The Department for Work and Pensions has confirmed its intention to introduce reporting in line with the Task Force on Climate-related Financial Disclosures. In a speech in Edinburgh earlier this month, Mr Opperman called climate change “the defining issue of the 21st century”, adding: “On this issue I am unquestionably in a hurry. I’m expecting the regulator to take decisive action.”

Mark Campanale, founder of think-tank the Carbon Tracker Initiative, said: “2020 must mark a decisive turning point where trustees of private and public pension funds stop fuelling the fire of the climate crisis through their business-as-usual investments in fossil fuel majors.

“Some of these companies present grave risks to people’s pensions, as coal, oil and gas risk becoming ‘stranded assets’ as countries align policy with containing global heating to 1.5C and the cost of clean energy continues to plummet,” he continued.

“Even the Bank of England now plans to exclude fossil fuel assets from its purchases.”

Divestment debate ‘not black and white’

The pressure for divestment faced by the PCPF marks it out from most other private sector schemes, where the prevailing investment wisdom has been that remaining invested and engaging with ‘sin stocks’ is a more powerful driver of change.

But the scheme is among a significant group of plans where the political pressure surrounding their sponsor can mean trustees are forced to take a different approach.

Pete Smith, principal and senior investment consultant at Barnett Waddingham, said: “For the pension schemes of many organisations that have declared climate emergency, the conundrum facing the MPs’ pension scheme is familiar. 

“The use of pooled funds to reduce costs hinders the flexibility to divest completely from specific companies. For all but the largest schemes, it is too simplistic to say simply divest. 

“The tools to do so need to be available in all asset classes, not just equities. At present they are very limited. Likewise, the ability of pooled fund users to drive change in specific companies through engagement is also limited.”

If trustees do decide to divest from fossil fuels, they then face a significant number of decisions as to how to implement their policy.

“To divest from fossil fuels is not a binary issue.
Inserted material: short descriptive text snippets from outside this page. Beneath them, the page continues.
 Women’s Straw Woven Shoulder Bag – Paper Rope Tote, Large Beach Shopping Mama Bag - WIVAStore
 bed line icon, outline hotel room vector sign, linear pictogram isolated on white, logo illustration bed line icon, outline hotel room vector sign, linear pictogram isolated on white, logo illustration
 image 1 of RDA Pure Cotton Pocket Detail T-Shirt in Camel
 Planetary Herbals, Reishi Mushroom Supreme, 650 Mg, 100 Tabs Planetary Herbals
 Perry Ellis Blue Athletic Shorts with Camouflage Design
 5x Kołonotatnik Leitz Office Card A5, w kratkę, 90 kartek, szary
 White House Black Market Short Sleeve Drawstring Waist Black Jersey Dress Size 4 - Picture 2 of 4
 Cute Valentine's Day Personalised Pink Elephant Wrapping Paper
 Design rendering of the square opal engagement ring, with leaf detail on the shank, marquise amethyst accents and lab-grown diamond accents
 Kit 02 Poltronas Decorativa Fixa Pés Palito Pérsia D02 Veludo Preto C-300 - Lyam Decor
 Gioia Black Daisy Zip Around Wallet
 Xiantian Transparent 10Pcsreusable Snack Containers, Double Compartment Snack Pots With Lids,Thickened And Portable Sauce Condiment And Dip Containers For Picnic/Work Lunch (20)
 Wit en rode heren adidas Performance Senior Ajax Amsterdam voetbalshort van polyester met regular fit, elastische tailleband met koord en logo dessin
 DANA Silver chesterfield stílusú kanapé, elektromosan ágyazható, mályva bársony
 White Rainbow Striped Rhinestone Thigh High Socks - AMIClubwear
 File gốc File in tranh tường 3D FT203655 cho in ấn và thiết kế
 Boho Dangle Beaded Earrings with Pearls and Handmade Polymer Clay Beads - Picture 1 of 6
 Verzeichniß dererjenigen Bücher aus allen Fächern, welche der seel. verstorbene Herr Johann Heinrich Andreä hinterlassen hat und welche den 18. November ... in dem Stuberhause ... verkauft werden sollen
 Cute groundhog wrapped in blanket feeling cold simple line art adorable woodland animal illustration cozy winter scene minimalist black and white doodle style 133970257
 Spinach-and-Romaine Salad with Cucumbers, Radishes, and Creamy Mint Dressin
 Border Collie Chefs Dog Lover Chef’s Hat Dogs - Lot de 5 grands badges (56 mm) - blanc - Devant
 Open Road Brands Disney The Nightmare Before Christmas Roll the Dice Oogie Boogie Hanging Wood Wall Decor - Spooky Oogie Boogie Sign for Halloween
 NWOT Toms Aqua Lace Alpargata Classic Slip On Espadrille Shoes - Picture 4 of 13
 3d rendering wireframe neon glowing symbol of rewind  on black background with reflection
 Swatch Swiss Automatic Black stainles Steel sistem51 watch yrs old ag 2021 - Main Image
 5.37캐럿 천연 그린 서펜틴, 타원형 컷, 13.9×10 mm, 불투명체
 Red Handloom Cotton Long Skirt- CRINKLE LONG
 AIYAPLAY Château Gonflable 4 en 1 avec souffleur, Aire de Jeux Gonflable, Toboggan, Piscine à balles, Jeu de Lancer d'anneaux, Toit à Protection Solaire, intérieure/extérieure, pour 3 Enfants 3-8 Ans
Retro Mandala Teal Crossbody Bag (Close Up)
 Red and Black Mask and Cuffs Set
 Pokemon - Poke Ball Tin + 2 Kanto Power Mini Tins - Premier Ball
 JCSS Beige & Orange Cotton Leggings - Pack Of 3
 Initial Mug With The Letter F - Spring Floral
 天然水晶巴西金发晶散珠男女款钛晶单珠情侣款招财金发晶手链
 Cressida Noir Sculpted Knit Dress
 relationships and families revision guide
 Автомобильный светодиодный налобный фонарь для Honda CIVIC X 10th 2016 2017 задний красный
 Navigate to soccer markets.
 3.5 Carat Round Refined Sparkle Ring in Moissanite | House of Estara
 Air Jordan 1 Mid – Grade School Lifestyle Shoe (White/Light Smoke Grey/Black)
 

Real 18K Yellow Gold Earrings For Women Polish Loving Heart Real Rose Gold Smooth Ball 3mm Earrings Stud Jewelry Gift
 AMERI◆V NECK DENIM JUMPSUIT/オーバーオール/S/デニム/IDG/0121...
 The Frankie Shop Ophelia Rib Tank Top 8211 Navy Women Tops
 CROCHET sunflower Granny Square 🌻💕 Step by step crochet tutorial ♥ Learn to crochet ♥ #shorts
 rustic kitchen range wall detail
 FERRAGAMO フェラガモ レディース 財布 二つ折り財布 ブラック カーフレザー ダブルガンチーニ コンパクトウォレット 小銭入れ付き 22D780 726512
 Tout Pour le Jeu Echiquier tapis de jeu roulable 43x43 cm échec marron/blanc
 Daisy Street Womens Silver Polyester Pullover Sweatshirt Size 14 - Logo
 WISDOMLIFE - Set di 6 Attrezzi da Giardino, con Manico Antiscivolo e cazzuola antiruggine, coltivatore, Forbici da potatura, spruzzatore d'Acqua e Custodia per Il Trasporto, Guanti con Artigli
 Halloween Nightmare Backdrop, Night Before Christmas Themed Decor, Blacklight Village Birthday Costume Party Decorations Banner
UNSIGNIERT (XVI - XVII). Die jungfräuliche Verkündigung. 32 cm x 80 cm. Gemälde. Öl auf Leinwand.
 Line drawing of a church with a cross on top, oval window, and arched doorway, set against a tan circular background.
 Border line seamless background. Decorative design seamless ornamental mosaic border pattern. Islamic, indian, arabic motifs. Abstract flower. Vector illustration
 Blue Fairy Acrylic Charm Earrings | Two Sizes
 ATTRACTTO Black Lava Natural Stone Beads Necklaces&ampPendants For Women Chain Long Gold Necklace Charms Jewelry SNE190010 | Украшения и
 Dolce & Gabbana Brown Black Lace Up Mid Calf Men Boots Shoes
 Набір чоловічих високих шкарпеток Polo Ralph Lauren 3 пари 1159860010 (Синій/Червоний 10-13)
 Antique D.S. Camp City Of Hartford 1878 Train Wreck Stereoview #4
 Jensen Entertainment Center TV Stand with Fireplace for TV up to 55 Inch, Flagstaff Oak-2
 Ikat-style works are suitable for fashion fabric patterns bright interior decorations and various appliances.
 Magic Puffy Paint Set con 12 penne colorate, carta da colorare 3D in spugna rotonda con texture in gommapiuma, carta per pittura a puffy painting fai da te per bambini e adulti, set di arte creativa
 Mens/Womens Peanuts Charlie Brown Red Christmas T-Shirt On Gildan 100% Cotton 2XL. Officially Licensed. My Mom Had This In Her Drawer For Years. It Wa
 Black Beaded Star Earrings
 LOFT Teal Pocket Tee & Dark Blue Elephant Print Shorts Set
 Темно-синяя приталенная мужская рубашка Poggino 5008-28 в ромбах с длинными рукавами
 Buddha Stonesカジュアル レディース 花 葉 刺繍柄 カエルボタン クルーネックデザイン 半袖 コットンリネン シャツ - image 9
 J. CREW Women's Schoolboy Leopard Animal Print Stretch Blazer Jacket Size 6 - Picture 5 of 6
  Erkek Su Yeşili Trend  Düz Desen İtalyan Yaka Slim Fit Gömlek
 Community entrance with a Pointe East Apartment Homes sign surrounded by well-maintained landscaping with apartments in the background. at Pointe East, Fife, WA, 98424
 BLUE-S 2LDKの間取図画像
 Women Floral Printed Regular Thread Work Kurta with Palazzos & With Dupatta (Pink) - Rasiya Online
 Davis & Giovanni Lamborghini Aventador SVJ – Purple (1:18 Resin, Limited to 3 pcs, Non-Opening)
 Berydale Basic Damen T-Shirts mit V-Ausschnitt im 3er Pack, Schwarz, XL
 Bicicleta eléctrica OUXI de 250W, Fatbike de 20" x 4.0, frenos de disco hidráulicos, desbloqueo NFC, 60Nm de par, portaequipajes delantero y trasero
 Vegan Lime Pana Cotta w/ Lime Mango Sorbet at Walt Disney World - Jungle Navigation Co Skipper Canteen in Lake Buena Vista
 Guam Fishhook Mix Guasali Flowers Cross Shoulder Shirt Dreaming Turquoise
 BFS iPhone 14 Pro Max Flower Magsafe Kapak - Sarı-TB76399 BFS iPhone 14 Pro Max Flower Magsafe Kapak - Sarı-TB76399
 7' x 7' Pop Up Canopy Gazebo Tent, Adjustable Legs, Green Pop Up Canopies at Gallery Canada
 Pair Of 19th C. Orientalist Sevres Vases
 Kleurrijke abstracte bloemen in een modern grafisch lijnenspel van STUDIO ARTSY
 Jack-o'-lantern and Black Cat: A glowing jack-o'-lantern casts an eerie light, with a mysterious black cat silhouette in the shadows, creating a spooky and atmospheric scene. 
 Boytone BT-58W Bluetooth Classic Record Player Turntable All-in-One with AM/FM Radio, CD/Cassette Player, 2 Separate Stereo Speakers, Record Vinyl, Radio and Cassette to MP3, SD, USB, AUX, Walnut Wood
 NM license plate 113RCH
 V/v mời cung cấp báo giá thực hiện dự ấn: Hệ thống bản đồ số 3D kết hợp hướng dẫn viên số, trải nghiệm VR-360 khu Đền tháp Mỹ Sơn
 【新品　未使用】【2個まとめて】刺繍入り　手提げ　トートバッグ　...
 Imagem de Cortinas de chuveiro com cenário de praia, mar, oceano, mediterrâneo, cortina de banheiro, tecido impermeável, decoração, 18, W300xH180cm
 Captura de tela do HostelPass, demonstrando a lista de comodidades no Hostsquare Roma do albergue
There are a number of different considerations that need to be thought about quite carefully,” said Jennifer O’Neill, senior investment consultant in Aon’s environmental, social and governance and responsible investment practice.

One pitfall she highlighted is trustees assuming that by eliminating prominent fossil fuel extractors, they will solve their climate change problem. In fact, the carbon intensity of a portfolio is affected by companies throughout the value chain.

“Too often the discussion about divesting is focused on the oil and gas sector in isolation, without perhaps looking at the broader picture,” Ms O'Neill said.

“The first question is why, what is it that the trustee board wishes to achieve.”